* [What the task asks]: Set down each entry below exactly as written, keeping the pictures out.

* [Data provided]:
+ + + +
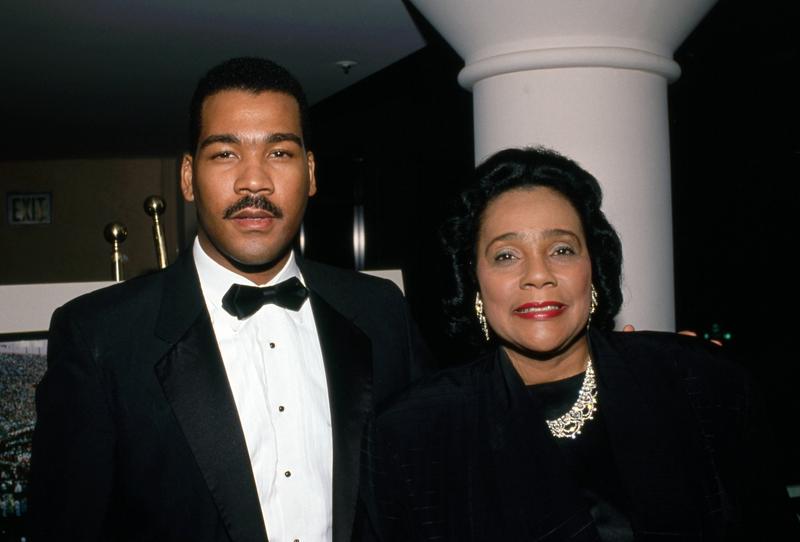 Dexter Scott King și Coretta Scott King, Foto: Ralph Dominguez/MediaPunch / imago stock&people / Profimedia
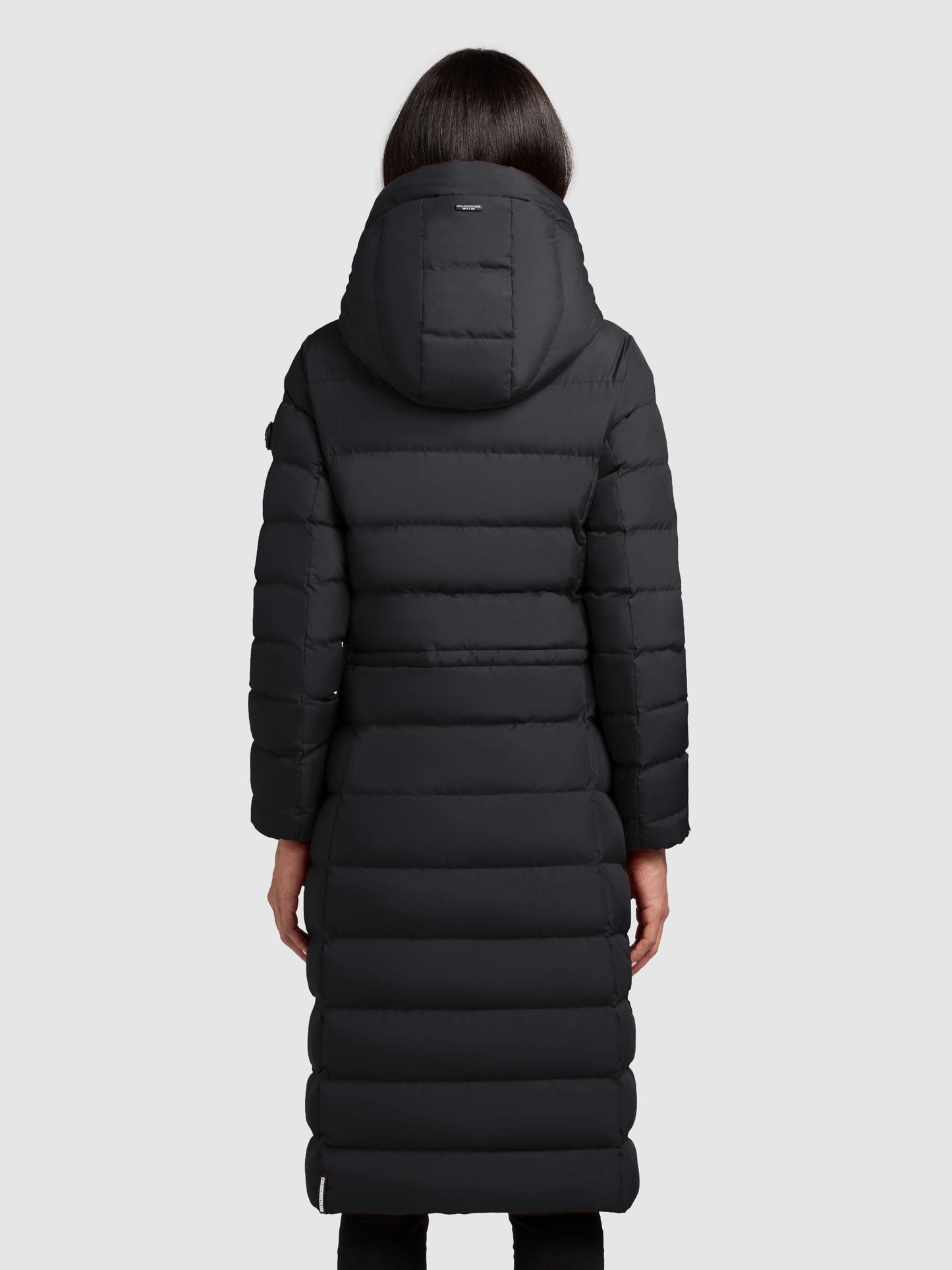 khujo Damen Wintermantel SIMMIE schwarz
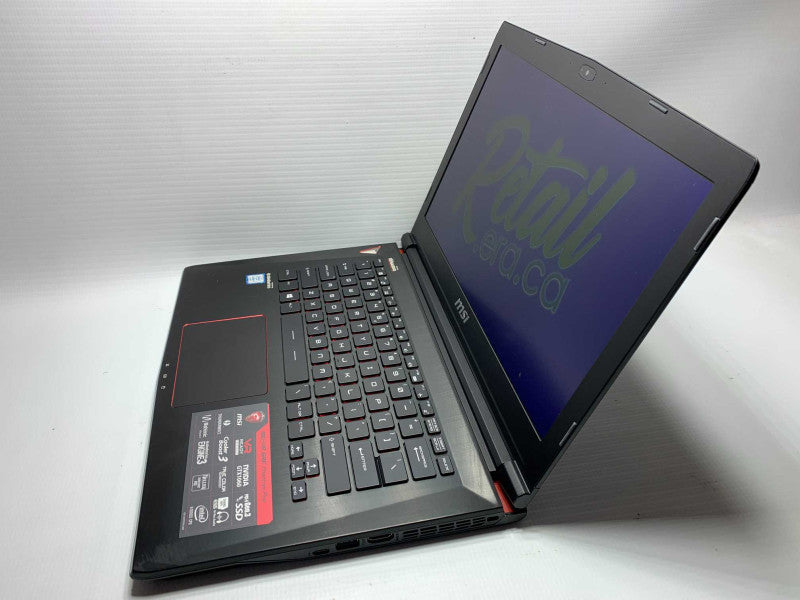 MSI GS43VR 6RE Phantom Pro with i7-6700HQ 16GB RAM & 256GB NVME + 1TB HDD -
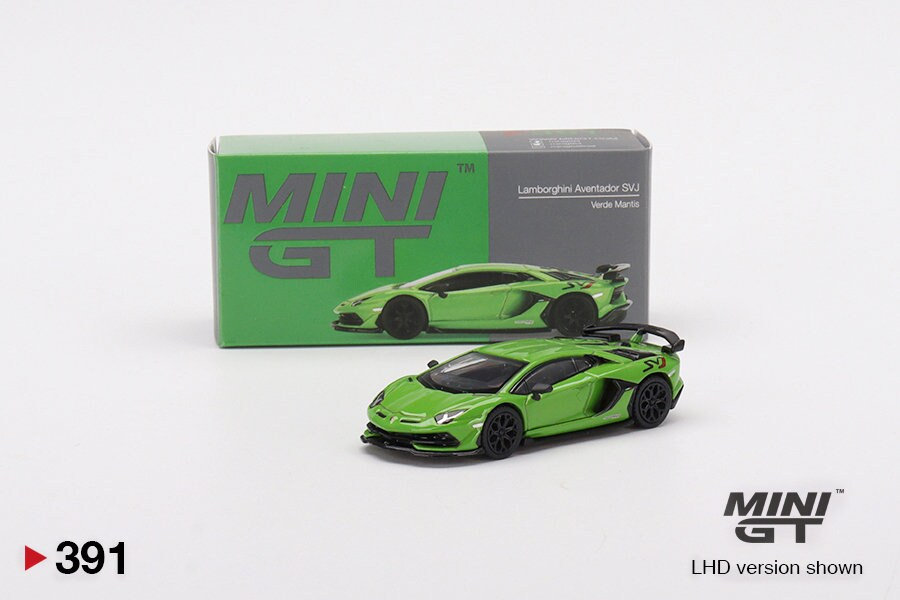 MINI GT 1:64 Model Car LB Huracan GT Digital Camouflage Alloy Die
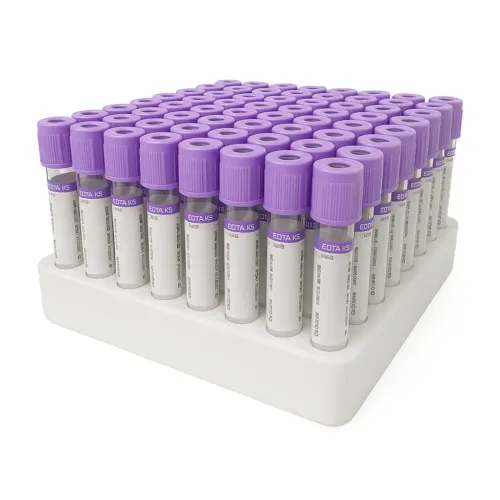 K3 EDTA Tubes (Non-Vacuum Type) | 2mL | Pack of 100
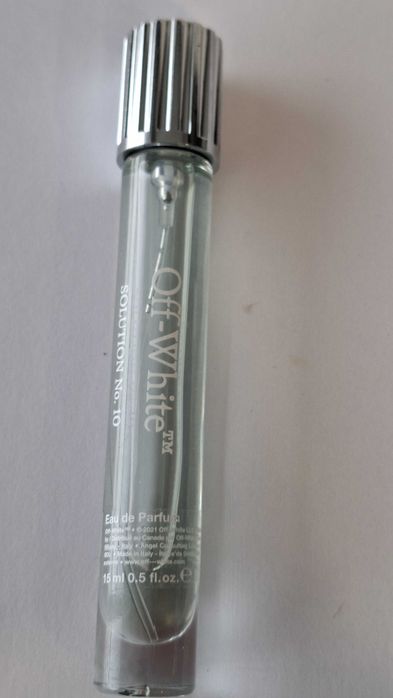 Śliczna woda perfumowana Off White Solution No 10 nowa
+ + + +
* [Solved exercise]:
 Dexter Scott King și Coretta Scott King, Foto: Ralph Dominguez/MediaPunch / imago stock&people / Profimedia
 khujo Damen Wintermantel SIMMIE schwarz
 MSI GS43VR 6RE Phantom Pro with i7-6700HQ 16GB RAM & 256GB NVME + 1TB HDD -
 MINI GT 1:64 Model Car LB Huracan GT Digital Camouflage Alloy Die
 K3 EDTA Tubes (Non-Vacuum Type) | 2mL | Pack of 100
 Śliczna woda perfumowana Off White Solution No 10 nowa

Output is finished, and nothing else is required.